- **Action item**
Look through the material below and copy exactly the lines from the line with "Rahasia Menyemai dan" to the line with "Reitturnier Leverkusen-Rheindorf 2016", those two lines included.

- **Data provided**
'''

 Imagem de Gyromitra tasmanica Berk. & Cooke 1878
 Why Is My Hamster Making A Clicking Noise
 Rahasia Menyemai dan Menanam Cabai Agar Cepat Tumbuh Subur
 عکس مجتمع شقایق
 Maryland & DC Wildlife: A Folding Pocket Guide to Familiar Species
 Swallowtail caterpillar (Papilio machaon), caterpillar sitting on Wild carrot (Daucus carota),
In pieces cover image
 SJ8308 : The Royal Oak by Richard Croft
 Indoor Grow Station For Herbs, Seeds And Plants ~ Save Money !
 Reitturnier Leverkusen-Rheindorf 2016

'''
'''

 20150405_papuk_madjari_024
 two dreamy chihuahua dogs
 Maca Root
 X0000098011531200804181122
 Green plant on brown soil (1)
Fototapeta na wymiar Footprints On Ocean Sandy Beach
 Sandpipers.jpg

'''
'''

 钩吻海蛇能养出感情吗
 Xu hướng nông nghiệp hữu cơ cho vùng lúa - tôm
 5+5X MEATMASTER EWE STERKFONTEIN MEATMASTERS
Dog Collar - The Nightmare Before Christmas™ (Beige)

'''

- **Solution for this task**
 Rahasia Menyemai dan Menanam Cabai Agar Cepat Tumbuh Subur
 عکس مجتمع شقایق
 Maryland & DC Wildlife: A Folding Pocket Guide to Familiar Species
 Swallowtail caterpillar (Papilio machaon), caterpillar sitting on Wild carrot (Daucus carota),
In pieces cover image
 SJ8308 : The Royal Oak by Richard Croft
 Indoor Grow Station For Herbs, Seeds And Plants ~ Save Money !
 Reitturnier Leverkusen-Rheindorf 2016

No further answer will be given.